TypeError: __new__() missing 1 required positional argument: 'task'

In [None]:
OUTPUT_PATH =  '/kaggle/working/'
os.makedirs('output', exist_ok=True)

In [None]:
train_w1 = dict()
label_w1 = dict()

for file in glob.glob("/kaggle/input/otto-prep-4-weeks/train_w0_part*.parquet"):
   train_w1[file] = pd.read_parquet(file)

for file in glob.glob("/kaggle/input/otto-prep-4-weeks/label_w0_part*.parquet"):
   label_w1[file] = pd.read_parquet(file)

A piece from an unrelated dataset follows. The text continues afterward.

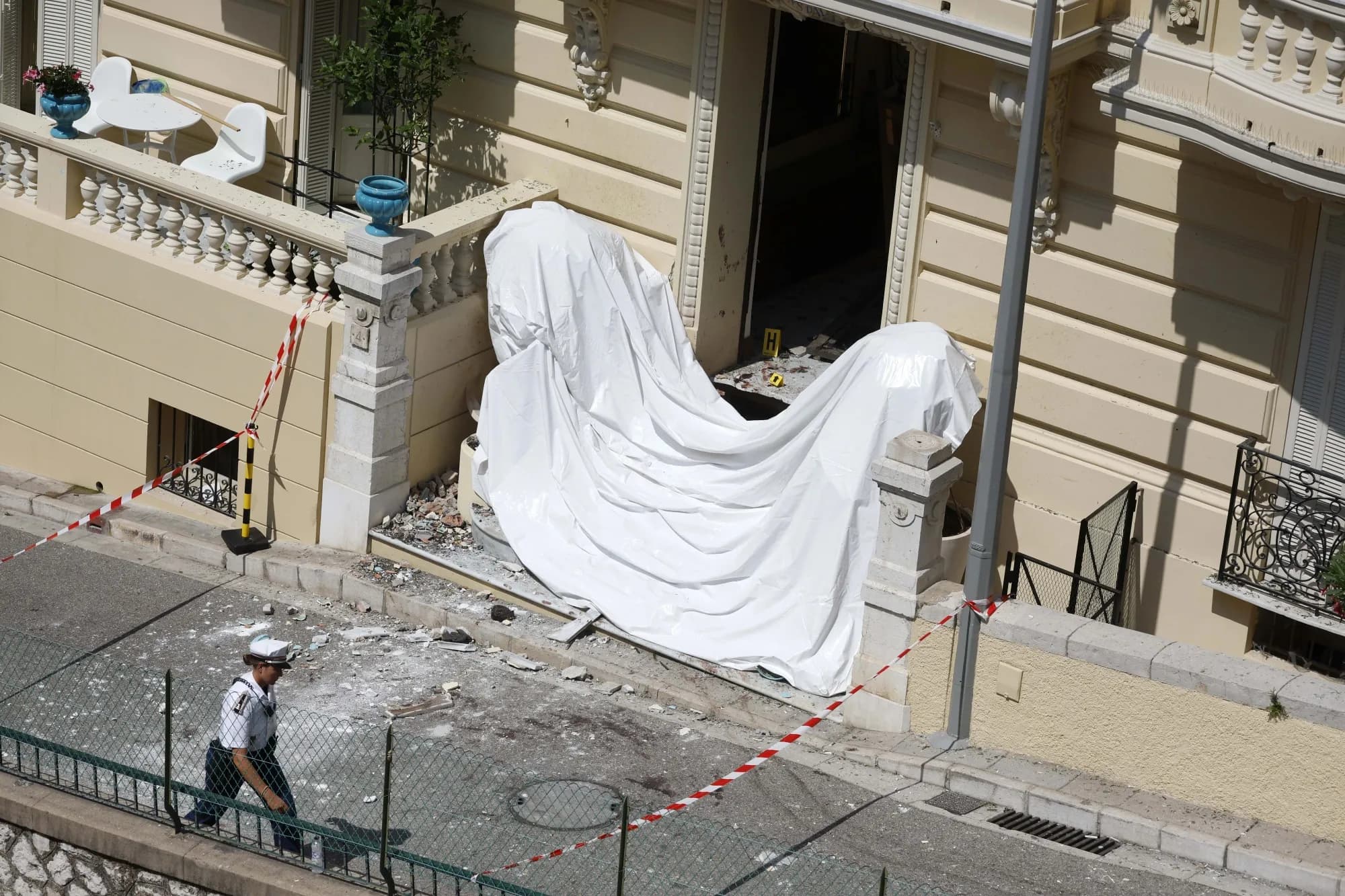 Police tape and a covered blast site outside a Monaco apartment building after a bomb attack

train_w1 = pd.concat(train_w1.values())
label_w1 = pd.concat(label_w1.values())

# Preprocessing

In [None]:
def prepare_target(label_df):

    target = label_df.groupby(['session', 'type'])['aid'].apply(list)
    target = target.reset_index().rename(columns={'aid': 'labels'})
    target.loc[target.type == 0, 'labels'] = target.loc[target.type == 0, 'labels'].str[:1]
    return target

In [None]:
#label encoding aids

temp_all_data = pd.read_parquet('/kaggle/input/otto-full-optimized-memory-footprint/train.parquet')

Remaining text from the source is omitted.